C’est ce qui ressort du 15e baromètre « La perception des discriminations dans l’emploi » *, publié en décembre 2022 par Défenseur des droits
En effet, parmi les 10 critères de discrimination perçue dans la société française, c’est celui de l’origine et de la couleur de peau qui arrive en tête (53%). Viennent ensuite le critère de l’identité de genre avec un taux très élevé (50%), l’apparence physique (49%), les difficulté à s’exprimer en Français (45%), le handicap (45%), la nationalité (42%), l’orientation sexuelle (41%), la religion (38%), le fait d’être une femme (34%) et la précarité économique (29%).
C’est également le critère de l’origine et de la couleur de peau qui ressort en premier parmi les personnes déclarant avoir été témoins d’une discrimination ou d’un harcèlement discriminatoire au travail (33%, suivi de l’apparence physique : 32%).
Les personnes déclarant avoir fait l’objet d’une discrimination ou d’un harcèlement discriminatoire dans l’emploi, citent d’abord le contexte du travail au quotidien (32%), le choix des horaires de travail (27%), l’accès à l'emploi, le recrutement, les concours (25%) et le nombre d'heures hebdomadaires (24%).
Le nombre de personnes déclarant avoir fait l’objet d’une agression sexuelle dans l’emploi est particulièrement alarmant. En effet, au cours de leur vie professionnelle, un tiers déclare avoir déjà été l’objet des remarques gênantes sur la tenue ou le physique. Plus d’1 personne sur 5 dit avoir reçu des propos, écrits ou images à caractère sexuel (22%). 18% déclarent avoir fait l’objet de contacts physiques légers imposés et 12% d’attouchements (seins, fesses, sexe, haut des cuisses). Dans la même proportion, 12% ont subi des pressions pour obtenir un acte de nature sexuelle et 9% ont subi un rapport sexuel ou un acte de nature sexuelle forcé.

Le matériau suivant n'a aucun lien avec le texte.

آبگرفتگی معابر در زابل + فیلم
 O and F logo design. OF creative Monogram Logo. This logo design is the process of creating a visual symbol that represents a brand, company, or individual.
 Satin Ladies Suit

Quelles sont les principales conséquences des discriminations sur la vie professionnelle des victimes de discrimination ou de harcèlement discriminatoire ? Dans seulement 9% des cas, des sanction sont prises contre l’auteur des faits et malheureusement, des mesure de protection n’ont concernées que 17% des victimes. Dans bien des cas, les dommages sont élevés pour ces victimes : démission ou négociation d'un licenciement (16%), réorientation professionnelle (16%), dégradation des conditions de travail (15%), demande de changement de service (12%), et même un avertissement ou un blâme (9%), des sanctions ou mesures de représailles (7%) et un licenciement ou le non-renouvellement du contrat (7%).

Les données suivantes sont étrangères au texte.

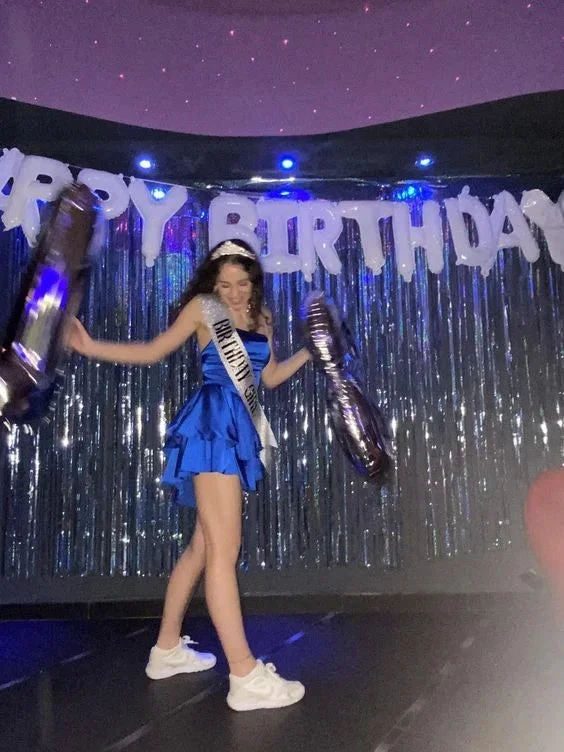 Royal Blue A-line Homecoming Dress 18th Birthday Party Dress Y6999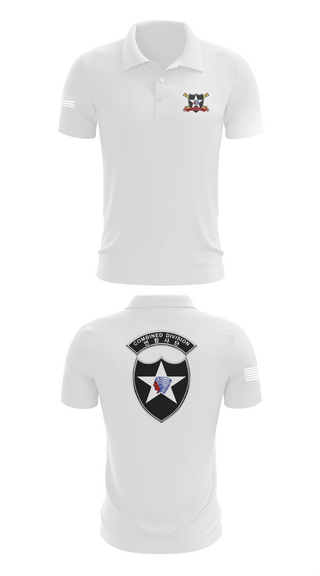 Short Sleeve Performance Polo, 2ID DIVARTY, Army, Teamtime, Team time, sublimation, custom sports apparel, team uniforms, spirit wear, spiritwear, sports uniforms, custom shirts, team store, custom team store, fundraiser sports, apparel fundraiser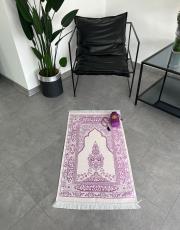 mürdüm nakış işlemeli silindir keseli seccade 5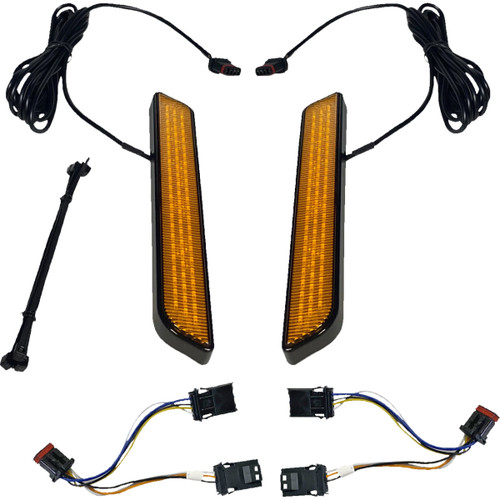 Custom Dynamics #CD-FORK-BCM-AB - LED Fork Light - Amber - Black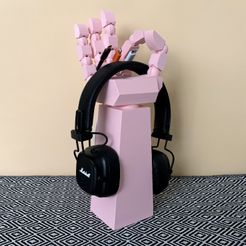 3.jpg 3D-Datei Hand-Kopfhörerständer・3D-Druck-Idee zum Herunterladen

Lorsque les salariés sont victimes de discrimination ou de harcèlement discriminatoire au travail, ils sont désarmés et sont seulement un quart à en parler à la direction ou à un encadrant, 17% à un médecin ou à la médecine du travail. Seulement 14% des victimes alertent les représentants du personnel ou les syndicats. Une victime sur cinq n’en a rien dit et 28% en parlent à un proche, 26% à un collègue. L’approche contentieuse demeure marginale : 13% contactent l’inspection du travail, 9% déclenchent une procédure contentieuse, 6% prennent conseil auprès d'un avocat ou d’une association, 6% contactent le Défenseur des droits.
Deux ans et demi, après le mouvement Black Lives Matter (relancé après la mort de George Floyd en mai 2020), dont le retentissement était d'une ampleur mondiale, devant les résultants inquiétants du 15e baromètre du Défenseur des droits et qui confirment nos perceptions sur le terrain, les employeurs doivent se mobiliser plus encore dans leur politique diversité et inclusion et notamment sur le critère de l'origine. Les dispositifs d'alerte devraient être renforcés et tous les acteurs doivent jouer leur rôle, grâce notamment à un accompagnement et une formation des managers de proximité et une mobilisation des partenaires sociaux. Les salariés en tant que collègues doivent devenir de véritables alliés des victimes et gagneraient à être davantage sensibilisés, car ils sont parmi les premiers à êtres informées.
* L’enquête conduite par l’institut Ipsos, en juin 2022 portait sur un panel de 1 000 actifs représentatifs de l’ensemble de la population active française.